10. Enfin, il résulte des dispositions précitées au point 5 de l'article L. 141-8 du code de la voirie routière, de l'article L. 161-1 du code rural et de la pêche maritime et de l'article L. 2321-2 du code général des collectivités territoriales que les dépenses obligatoires pour les communes incluent les dépenses d'entretien des seules voies communales, dont ne font pas partie les chemins ruraux. Les communes ne peuvent être tenues à l'entretien des chemins ruraux, sauf dans le cas où, postérieurement à leur incorporation dans la voirie rurale, elles auraient exécuté des travaux destinés à en assurer ou à en améliorer la viabilité et ainsi accepté d'en assumer, en fait, l'entretien. En outre, le principe du libre accès des riverains à la voie publique est sans incidence sur les obligations d'entretien auxquelles la commune pourrait être soumise.

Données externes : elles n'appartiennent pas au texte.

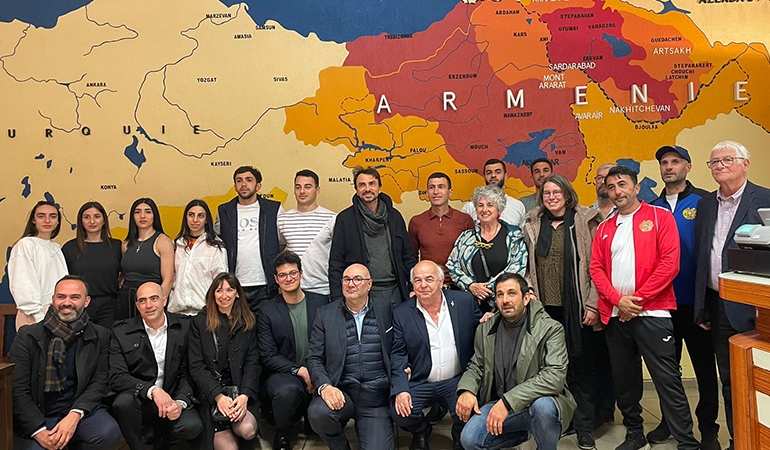 Fransız belediye başkanından skandal Türkiye paylaşımı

11. En l'espèce, il résulte de l'instruction que le chemin litigieux, dont il n'est pas contesté qu'il n'était pas classé comme voie communale à la date de l'arrêté attaqué, est un chemin rural au sens des dispositions de l'article L. 161-1 du code rural, appartenant à la commune d'Uvernet-Fours depuis 1974. Aucun des éléments produits au dossier ne permet d'établir que la commune d'Uvernet-Fours, qui définit son chemin rural comme une piste non goudronnée, aurait accepté, à la date de l'arrêté litigieux, d'assumer, en fait, son entretien, les requérants précisant au demeurant que la commune ne procède qu'à un déneigement partiel du chemin et laisse ce dernier volontairement à l'abandon. Par suite, les requérants ne peuvent se prévaloir d'aucune obligation de la commune d'entretenir le chemin rural en cause.

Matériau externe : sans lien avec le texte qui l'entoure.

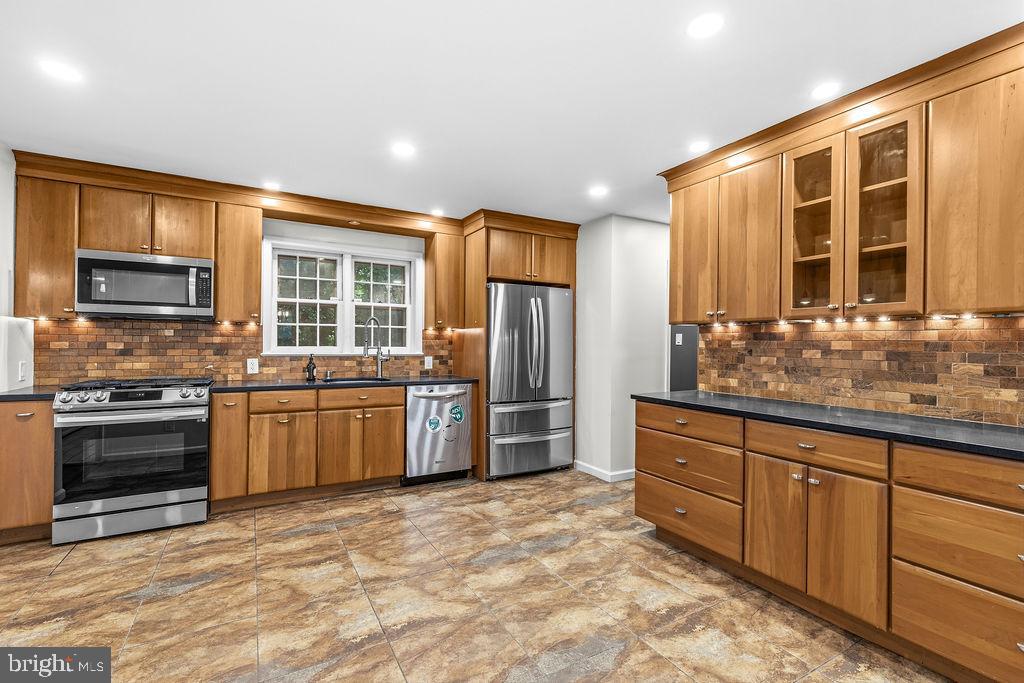 ROCK CREEK HILLS - Residential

12. Dans ces conditions, et sous la réserve, retenue à bon droit par les premiers juges, que l'arrêté litigieux ne pouvait pas, sans être entaché d'illégalité partielle, ne pas prévoir de dérogation pour l'accès des véhicules utilisés pour l'exercice de missions de service public, le maire de la commune d'Uvernet-Fours n'a pas, en édictant cet arrêté, pris une mesure disproportionnée, ni porté une atteinte excessive au principe de liberté de circulation et au droit de propriété des requérants.
13. Il résulte de tout ce qui précède que M. D... et M. B... ne sont pas fondés à soutenir que c'est à tort que, par le jugement attaqué, le tribunal administratif de Marseille a rejeté leur demande. Par voie de conséquence, leurs conclusions présentées à fin d'injonction et d'astreinte doivent également être rejetées.

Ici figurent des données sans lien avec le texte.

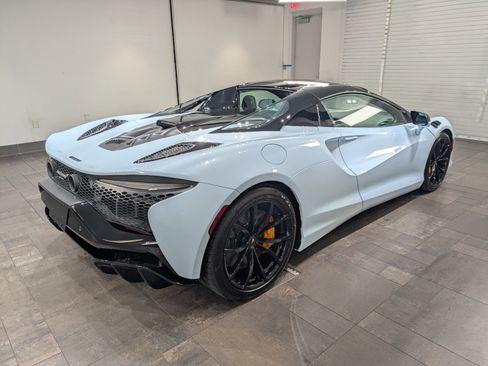 Used 2025 McLaren Artura Spider image 21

14. Dans les circonstances de l'espèce, il n'y a pas lieu de faire droit aux conclusions des parties présentées sur le fondement des dispositions de l'article L. 761-1 du code de justice administrative.
D É C I D E :
Article 1er : La requête de M. D... et de M. B... est rejetée.
Article 2 : Les conclusions présentées par la commune d'Uvernet-Fours sur le fondement de l'article L. 761-1 du code de justice administrative sont rejetées.
Article 3 : Le présent arrêt sera notifié à M. F... D..., à M. H... B... et à la commune d'Uvernet-Fours.
Délibéré après l'audience du 16 mai 2024, à laquelle siégeaient :
- Mme Lison Rigaud, présidente assesseure, présidant la formation de jugement en application de l'article R. 222-26 du code de justice administrative ;
- M. Jérôme Mahmouti, premier conseiller ;
- M. Nicolas Danveau, premier conseiller.
Rendu public par mise à disposition au greffe, le 31 mai 2024.